St. Croix National Scenic Riverway
The St. Croix River near Osceola
Along the Namekagon River
The St. Croix River National Scenic Riverway protects some 255 miles of river, including the St. Croix River (along the Wisconsin-Minnesota boundary) and the Namekagon River (in Wisconsin) and adjoining lands. The whole is managed by the National Park Service but included in the riverway are several state parks. Most folks visit the riverway by floating through it in kayaks and canoes, enjoying the scenery and fishing the waters. Campers will find numerous National Park Service-designated campsites along the riverway and hikers will find miles and miles of trails throughout the adjoining lands. The St. Croix National Scenic Riverway is one of the eight original rivers designated under the 1968 Wild and Scenic Rivers Act.
Evidence has been discovered in the area pointing to human habitation beginning around 10,000 years ago as the glaciers of the Wisconsin Glaciation retreated for the last time. Prehistoric campsites, burial mounds, quarries, chipping stations, rock art, wild rice processing areas and the remains of village sites are found throughout the area, offering glimpses into the various cultures engaged in the seasonal and complex prehistoric lifestyles of the ancient Native Americans who lived and died here. From the late 1600's until 1763, French fur trappers were the primary European influence in the area, using the St. Croix and Brule Rivers as one of their major travel routes between the Mississippi River area and the Great Lakes. Then France lost the Seven Years War (the French and Indian War in North America) and ceded all French territory east of the Mississippi River to Great Britain.

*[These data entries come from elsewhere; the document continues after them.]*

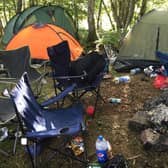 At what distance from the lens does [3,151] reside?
3.32 meters

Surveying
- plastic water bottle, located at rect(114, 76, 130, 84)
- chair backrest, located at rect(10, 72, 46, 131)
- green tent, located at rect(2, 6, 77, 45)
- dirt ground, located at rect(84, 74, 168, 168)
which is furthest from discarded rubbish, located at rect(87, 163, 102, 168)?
green tent, located at rect(2, 6, 77, 45)

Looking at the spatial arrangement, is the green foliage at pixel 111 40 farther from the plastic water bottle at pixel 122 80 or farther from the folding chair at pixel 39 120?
the folding chair at pixel 39 120

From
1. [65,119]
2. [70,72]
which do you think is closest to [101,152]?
[65,119]

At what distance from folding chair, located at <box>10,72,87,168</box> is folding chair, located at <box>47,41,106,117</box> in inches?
29.5

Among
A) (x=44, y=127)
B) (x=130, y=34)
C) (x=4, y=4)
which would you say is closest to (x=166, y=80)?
(x=130, y=34)

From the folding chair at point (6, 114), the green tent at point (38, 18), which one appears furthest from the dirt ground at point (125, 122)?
the green tent at point (38, 18)

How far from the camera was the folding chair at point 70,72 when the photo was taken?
409 centimetres

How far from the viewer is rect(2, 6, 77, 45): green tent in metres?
7.35

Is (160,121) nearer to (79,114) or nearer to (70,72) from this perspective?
(79,114)

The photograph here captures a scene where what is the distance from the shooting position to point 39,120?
→ 321 centimetres

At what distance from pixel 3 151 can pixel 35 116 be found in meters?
0.58

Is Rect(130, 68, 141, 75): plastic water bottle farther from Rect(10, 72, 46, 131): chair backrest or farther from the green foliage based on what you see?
Rect(10, 72, 46, 131): chair backrest

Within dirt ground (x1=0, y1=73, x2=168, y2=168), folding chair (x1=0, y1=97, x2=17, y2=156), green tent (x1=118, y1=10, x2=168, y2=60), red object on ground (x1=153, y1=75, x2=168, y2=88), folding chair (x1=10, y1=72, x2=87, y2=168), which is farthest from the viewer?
green tent (x1=118, y1=10, x2=168, y2=60)

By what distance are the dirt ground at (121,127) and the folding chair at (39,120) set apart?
306 millimetres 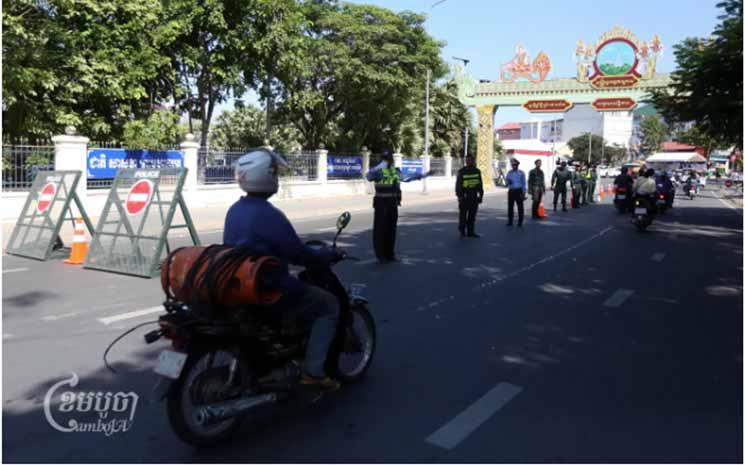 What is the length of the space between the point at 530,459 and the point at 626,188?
18.2m

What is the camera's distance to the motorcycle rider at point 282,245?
12.1 feet

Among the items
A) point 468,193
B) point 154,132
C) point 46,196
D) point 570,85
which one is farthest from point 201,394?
point 570,85

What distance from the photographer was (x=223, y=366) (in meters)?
3.54

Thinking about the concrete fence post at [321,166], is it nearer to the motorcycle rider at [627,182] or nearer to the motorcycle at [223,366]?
the motorcycle rider at [627,182]

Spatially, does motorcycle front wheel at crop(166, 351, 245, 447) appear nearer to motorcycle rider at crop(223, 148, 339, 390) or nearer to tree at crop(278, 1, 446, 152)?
motorcycle rider at crop(223, 148, 339, 390)

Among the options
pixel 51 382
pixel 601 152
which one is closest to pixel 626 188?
pixel 51 382

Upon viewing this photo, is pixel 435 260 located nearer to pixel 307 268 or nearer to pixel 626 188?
pixel 307 268

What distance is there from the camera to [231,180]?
2283 centimetres

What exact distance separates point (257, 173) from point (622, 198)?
60.5 feet

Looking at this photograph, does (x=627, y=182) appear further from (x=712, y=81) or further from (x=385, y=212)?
(x=385, y=212)

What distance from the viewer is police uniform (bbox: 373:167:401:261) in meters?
9.84

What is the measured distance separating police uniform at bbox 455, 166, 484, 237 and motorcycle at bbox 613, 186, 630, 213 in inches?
339

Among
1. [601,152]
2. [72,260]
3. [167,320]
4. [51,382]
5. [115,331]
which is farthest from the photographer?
[601,152]

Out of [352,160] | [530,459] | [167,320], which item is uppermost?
[352,160] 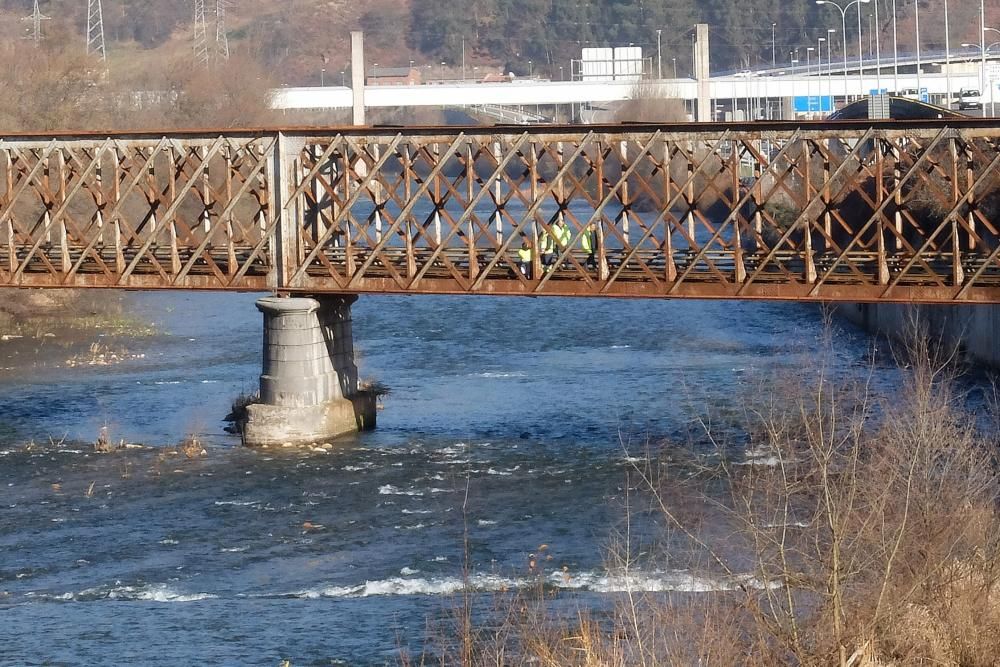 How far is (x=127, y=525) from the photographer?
30.1 metres

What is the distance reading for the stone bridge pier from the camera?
36906 millimetres

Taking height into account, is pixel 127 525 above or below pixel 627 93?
below

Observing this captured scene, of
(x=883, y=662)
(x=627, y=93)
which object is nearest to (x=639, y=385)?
(x=883, y=662)

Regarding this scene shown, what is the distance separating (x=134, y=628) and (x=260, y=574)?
3.31 meters

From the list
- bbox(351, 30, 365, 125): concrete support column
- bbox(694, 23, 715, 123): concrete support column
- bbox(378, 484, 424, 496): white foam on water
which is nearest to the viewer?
bbox(378, 484, 424, 496): white foam on water

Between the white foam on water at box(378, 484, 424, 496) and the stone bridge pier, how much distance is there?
16.2 feet

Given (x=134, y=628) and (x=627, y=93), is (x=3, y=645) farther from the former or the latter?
(x=627, y=93)

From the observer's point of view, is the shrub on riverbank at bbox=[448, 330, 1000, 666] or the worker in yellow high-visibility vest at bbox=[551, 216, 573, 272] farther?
the worker in yellow high-visibility vest at bbox=[551, 216, 573, 272]

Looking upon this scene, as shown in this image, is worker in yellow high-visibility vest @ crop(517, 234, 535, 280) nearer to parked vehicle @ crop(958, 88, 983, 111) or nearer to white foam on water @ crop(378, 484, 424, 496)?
white foam on water @ crop(378, 484, 424, 496)

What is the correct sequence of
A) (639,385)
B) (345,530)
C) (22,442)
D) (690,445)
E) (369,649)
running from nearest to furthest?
(369,649)
(345,530)
(690,445)
(22,442)
(639,385)

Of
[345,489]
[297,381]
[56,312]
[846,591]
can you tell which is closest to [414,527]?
[345,489]

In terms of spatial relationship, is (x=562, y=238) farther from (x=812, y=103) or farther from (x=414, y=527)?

Early Anglo-American settlers didn't do well in the area until after the 1837 treaty opened the region for safe settlement. Within a year of that the loggers arrived and began a 70-year project that cut virtually all the virgin timber available in northern Wisconsin and eastern Minnesota. They also pushed nearly all the Dakota and Cree out of the area, leaving only a few scattered bands of Ojibwe in northern Wisconsin.
The main visitor center for the St. Croix Riverway is in St. Croix Falls. A second visitor center is in the town of Trego, along the Namekagon River. Both are open only in the warmer months when the rivers are clear of ice. The Riverway features about 60 river landings and maybe 150 designated shoreline campsites.